A Mid-Offseason Report Card

It’s been a while since I was in school (though perhaps not as long ago as one might expect for someone of my advanced years). That said, I do recall something called “mid-term grades”. The cool thing about them was that they told you how you were doing in your coursework, but they didn’t really “count”. If you were doing well, you could afford to have a few beers and relax over the weekends, but if you were coming up short, the mid-term grades served as a wake-up call of sorts.

Sometimes, I think it would be nice if I could get the same sort of feedback once out in the real world. And if I think that would be of benefit to me, certainly an intelligent man like Bill Smith must feel the same way, right?

As hard as it may be to believe, we’re approaching the half-way point between the end of the Twins’ 2010 season and the date pitchers and catchers report for Spring Training, 2011.

So it’s in this spirit of helpfulness that I offer the Twins’ GM his mid-term grade: D+.

And that grade assumes Tsuyoshi Nishioka gets signed by the December 26 deadline. If Smith doesn’t bring that home, the grade drops to an F.

The good news is, just like in college, the mid-term grades don’t really count. There’s still time to bring that grade up and not screw up the GPA. But time is wasting.

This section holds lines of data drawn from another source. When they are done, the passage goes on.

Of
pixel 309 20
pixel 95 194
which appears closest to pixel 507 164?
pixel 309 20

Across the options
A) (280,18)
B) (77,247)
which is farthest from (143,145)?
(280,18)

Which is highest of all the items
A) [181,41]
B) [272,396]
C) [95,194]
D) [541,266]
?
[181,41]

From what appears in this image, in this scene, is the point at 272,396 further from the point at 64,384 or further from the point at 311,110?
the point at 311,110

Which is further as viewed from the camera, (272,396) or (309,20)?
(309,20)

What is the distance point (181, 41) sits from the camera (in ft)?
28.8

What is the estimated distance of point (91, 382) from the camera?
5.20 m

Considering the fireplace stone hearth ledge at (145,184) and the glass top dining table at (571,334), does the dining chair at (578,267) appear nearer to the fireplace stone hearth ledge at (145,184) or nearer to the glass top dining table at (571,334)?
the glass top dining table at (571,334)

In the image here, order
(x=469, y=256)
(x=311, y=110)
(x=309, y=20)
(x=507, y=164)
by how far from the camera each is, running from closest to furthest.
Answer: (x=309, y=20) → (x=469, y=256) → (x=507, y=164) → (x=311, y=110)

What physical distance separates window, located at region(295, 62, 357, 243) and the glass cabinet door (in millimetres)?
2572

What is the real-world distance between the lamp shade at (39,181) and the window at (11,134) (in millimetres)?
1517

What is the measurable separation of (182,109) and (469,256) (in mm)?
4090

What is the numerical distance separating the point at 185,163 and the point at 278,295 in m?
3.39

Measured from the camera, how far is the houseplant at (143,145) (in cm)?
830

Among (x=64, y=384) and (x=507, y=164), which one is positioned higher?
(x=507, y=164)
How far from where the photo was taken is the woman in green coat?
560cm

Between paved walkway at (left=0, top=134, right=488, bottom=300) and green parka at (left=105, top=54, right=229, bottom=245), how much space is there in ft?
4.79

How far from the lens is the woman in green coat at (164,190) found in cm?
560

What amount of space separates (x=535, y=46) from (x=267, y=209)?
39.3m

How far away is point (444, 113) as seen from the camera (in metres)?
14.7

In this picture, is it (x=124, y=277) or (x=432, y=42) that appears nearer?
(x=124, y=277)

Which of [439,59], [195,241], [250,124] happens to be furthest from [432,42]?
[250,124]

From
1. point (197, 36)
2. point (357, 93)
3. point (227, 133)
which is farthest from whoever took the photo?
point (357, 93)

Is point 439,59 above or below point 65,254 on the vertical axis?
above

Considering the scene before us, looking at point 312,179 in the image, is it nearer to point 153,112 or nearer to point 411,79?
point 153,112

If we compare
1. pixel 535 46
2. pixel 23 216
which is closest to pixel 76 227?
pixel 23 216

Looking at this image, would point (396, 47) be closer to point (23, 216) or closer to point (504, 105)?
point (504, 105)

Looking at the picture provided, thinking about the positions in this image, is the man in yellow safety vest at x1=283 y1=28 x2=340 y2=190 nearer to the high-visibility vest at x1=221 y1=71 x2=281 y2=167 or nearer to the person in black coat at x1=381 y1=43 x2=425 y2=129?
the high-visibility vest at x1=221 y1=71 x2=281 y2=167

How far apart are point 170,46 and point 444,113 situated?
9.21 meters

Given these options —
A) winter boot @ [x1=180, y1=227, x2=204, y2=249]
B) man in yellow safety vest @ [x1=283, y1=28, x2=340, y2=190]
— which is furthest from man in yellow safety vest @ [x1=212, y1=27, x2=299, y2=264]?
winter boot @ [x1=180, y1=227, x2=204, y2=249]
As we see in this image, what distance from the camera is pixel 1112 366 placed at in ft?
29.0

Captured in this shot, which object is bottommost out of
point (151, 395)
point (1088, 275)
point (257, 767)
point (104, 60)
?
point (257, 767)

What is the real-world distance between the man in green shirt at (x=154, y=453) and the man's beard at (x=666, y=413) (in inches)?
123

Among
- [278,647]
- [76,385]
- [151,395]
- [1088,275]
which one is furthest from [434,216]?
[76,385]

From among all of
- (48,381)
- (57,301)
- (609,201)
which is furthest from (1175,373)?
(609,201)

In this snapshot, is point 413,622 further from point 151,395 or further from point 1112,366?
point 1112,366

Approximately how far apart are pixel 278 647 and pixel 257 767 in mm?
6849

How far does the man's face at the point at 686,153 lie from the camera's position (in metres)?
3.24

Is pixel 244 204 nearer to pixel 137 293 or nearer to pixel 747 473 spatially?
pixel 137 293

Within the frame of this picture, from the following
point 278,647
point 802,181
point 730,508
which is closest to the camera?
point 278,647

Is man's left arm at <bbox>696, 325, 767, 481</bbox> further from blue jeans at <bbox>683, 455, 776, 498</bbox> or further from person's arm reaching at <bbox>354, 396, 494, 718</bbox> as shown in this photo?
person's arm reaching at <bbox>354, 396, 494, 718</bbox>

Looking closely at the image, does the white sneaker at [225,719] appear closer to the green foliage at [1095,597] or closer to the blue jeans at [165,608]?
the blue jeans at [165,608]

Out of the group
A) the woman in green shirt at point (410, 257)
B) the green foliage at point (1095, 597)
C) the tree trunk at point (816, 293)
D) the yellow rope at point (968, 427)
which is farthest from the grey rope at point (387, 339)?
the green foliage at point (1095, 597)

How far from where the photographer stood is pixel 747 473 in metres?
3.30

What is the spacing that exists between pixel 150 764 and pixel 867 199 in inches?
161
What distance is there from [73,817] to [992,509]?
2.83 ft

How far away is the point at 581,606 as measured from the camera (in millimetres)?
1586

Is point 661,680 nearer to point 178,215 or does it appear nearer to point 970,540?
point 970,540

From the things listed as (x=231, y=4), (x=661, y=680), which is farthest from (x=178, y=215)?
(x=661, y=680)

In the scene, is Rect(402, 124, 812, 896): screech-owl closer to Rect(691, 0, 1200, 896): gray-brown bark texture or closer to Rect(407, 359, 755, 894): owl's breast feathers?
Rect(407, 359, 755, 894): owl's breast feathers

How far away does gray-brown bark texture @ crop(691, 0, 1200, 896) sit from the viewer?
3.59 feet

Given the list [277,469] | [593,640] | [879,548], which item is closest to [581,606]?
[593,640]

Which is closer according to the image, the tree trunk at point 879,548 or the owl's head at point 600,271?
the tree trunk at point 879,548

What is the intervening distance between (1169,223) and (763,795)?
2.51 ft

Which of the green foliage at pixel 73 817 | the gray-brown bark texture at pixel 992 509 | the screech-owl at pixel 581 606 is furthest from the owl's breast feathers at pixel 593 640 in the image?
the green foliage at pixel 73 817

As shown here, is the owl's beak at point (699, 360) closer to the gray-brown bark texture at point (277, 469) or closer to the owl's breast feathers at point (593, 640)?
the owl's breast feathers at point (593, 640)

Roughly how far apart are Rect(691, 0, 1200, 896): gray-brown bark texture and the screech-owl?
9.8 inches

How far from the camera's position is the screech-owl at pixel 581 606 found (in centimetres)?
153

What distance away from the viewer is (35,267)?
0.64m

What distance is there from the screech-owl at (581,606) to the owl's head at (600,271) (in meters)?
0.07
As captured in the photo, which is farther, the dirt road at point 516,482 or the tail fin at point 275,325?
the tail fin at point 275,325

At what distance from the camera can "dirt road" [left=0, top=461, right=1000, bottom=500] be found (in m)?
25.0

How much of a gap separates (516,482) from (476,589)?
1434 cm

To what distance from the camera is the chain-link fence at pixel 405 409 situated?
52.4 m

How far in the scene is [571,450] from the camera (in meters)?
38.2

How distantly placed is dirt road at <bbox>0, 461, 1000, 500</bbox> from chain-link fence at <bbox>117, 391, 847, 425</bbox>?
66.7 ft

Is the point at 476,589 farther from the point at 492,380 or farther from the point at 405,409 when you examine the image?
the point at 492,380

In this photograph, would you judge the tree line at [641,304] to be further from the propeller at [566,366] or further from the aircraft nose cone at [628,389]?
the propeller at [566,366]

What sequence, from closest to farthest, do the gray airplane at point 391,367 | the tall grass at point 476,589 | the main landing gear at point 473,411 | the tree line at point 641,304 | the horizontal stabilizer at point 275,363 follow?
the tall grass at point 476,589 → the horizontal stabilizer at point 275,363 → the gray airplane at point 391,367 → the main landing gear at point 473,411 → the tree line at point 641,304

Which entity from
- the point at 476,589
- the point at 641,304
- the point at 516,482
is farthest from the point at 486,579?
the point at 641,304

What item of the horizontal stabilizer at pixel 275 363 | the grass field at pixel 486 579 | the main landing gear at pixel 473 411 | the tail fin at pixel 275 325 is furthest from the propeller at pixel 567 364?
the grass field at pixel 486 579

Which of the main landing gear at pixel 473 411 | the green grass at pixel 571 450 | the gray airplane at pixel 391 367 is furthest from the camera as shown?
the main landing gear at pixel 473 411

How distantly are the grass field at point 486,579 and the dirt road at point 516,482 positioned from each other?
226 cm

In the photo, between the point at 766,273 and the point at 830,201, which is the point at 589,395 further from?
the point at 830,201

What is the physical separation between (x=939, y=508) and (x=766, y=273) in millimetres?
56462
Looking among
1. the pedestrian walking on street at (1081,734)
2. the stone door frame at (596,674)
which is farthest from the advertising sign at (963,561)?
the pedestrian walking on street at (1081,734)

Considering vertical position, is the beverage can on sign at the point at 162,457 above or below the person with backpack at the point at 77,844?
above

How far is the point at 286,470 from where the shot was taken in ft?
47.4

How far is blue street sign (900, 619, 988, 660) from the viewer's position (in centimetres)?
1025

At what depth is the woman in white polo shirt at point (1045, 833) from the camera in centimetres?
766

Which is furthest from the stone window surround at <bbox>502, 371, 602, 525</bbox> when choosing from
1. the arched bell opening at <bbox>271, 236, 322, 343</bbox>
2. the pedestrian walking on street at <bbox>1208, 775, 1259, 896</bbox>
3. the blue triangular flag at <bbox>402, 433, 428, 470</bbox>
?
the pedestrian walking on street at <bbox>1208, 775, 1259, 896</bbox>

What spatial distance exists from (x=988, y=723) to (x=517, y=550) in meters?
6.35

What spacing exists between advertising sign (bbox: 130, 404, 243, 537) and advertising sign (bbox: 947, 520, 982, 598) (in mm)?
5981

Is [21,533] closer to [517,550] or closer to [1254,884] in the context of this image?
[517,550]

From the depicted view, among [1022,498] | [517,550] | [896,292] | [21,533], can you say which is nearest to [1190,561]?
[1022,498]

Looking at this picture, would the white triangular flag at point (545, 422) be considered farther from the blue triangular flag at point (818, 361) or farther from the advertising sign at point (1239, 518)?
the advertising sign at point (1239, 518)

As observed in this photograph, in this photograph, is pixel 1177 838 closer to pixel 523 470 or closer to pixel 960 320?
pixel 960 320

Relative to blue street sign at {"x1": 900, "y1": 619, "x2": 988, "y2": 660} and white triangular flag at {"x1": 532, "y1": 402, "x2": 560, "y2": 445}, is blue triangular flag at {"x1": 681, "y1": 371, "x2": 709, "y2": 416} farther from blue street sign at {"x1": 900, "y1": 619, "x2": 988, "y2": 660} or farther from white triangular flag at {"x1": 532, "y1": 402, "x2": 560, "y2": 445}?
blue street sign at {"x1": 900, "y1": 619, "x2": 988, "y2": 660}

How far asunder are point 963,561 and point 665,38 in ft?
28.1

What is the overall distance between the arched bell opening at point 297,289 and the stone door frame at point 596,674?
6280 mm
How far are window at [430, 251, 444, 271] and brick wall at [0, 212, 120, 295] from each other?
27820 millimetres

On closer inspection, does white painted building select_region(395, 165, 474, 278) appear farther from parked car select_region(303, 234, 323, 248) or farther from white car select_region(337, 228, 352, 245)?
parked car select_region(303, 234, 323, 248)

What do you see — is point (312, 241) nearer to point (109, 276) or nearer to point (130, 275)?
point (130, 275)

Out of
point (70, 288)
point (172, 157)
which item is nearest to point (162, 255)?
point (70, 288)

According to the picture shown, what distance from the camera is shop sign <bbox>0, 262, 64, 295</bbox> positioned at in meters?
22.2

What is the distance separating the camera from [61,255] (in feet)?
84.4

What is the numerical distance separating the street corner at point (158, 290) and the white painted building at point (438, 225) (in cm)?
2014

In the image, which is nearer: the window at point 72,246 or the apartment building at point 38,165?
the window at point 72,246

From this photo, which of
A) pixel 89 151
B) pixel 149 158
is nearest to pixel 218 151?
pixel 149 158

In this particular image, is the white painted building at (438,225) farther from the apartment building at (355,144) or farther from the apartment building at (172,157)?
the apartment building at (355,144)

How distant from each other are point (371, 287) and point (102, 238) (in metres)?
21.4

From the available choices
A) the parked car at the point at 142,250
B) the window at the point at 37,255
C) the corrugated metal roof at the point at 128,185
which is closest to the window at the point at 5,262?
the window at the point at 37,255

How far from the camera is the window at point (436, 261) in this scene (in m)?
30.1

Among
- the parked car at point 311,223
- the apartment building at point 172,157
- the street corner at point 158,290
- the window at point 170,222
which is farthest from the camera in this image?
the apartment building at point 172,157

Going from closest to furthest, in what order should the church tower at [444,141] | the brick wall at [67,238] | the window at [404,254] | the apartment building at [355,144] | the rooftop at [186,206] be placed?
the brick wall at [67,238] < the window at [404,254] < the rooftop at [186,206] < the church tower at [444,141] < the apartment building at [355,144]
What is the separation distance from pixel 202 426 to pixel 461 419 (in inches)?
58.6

Monday at the the Swan and Dolphin hotels at DisneyWorld, MLB’s movers and shakers get together for their annual Winter Meetings, which wind up Thursday with the Rule 5 draft. Over the past five years, there have been an average of just over 10 trades announced during each year’s Winter Meeting gathering. It might be a very good idea for one or two of those deals this week to involve the Twins.

Why? Well, let’s take a look at what we’ve seen so far this offseason.

Unless/until deals are reached to bring some of these guys back in to the Twins fold, the Twins have lost their most reliable starting pitcher, Carl Pavano, their most prolific power hitter, Jim Thome, and four solid (or better) relief pitchers in Jesse Crain, Matt Guerrier, Jon Rauch and Brian Fuentes.. The Twins have done absolutely nothing about replacing the departing talent, much less making any improvements in those positions.

Nishioka is, so far, the only meaningful addition this offseason (and he isn’t even officially on board yet). And you’ll have to excuse me if I’m not as convinced as others seem to be that he represents a certain improvement over Hudson, Hardy or whoever’s roster spot he ends up taking.

Of course, Justin Morneau should be back and healthy by Opening Day and that represents a significant upgrade over Michael Cuddyer at 1B. But the Twins have done nothing to improve their lack of speed in their outfield, they haven’t replaced Pavano’s innings in the top half of the rotation and there looks to be a significant drop off in bullpen talent between the back end arms, Joe Nathan and Matt Capps, and the rest of the pen arms.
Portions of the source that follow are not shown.